Collected data |
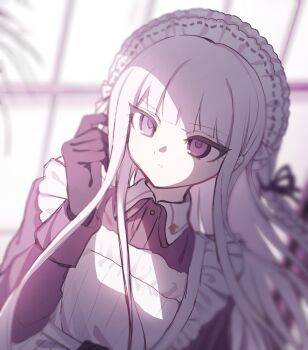 Rule 34 | 1girl, apron, black gloves, black jacket, black ribbon, closed mouth, commentary request, danganronpa: trigger happy havoc, danganronpa (series), gloves, hair ribbon, hand up, highres, jacket, kirigiri kyoko, long hair, long sleeves, maid, maid apron, maid headdress, pink eyes, ribbon, solo, tago (matsu0da), upper body, white apron, white hair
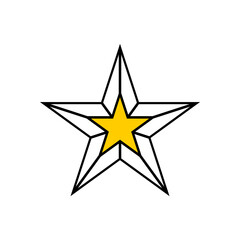 Black and yellow gold Christmas star line icon illustration vector. 3d star award logo isolated on white background.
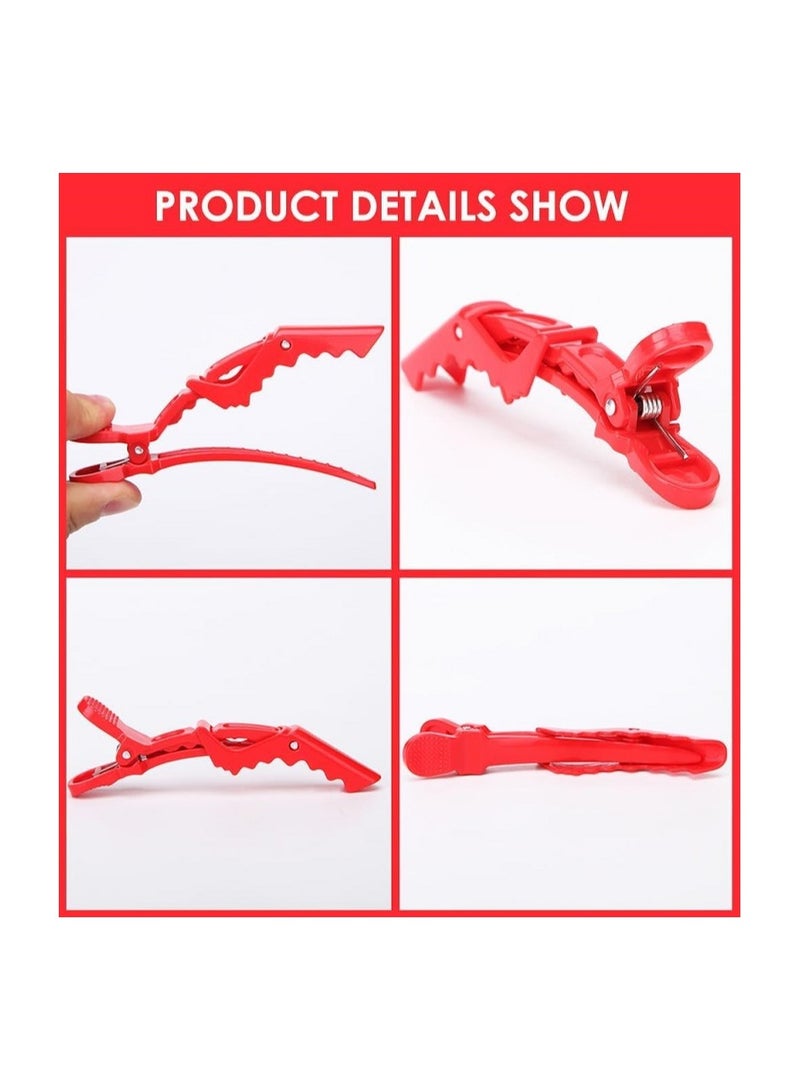 Non-Slip Single Tooth Cross Hair Claw Clips for Salon and Home Use for Hair Styling, Cosmetics, Dyeing and Cutting, (6 Pack,) Red Brown - Image 2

What you have to do | For this exercise, return the material word for word and drop each image.

Exercise answer |
 Rule 34 | 1girl, apron, black gloves, black jacket, black ribbon, closed mouth, commentary request, danganronpa: trigger happy havoc, danganronpa (series), gloves, hair ribbon, hand up, highres, jacket, kirigiri kyoko, long hair, long sleeves, maid, maid apron, maid headdress, pink eyes, ribbon, solo, tago (matsu0da), upper body, white apron, white hair
 Black and yellow gold Christmas star line icon illustration vector. 3d star award logo isolated on white background.
 Non-Slip Single Tooth Cross Hair Claw Clips for Salon and Home Use for Hair Styling, Cosmetics, Dyeing and Cutting, (6 Pack,) Red Brown - Image 2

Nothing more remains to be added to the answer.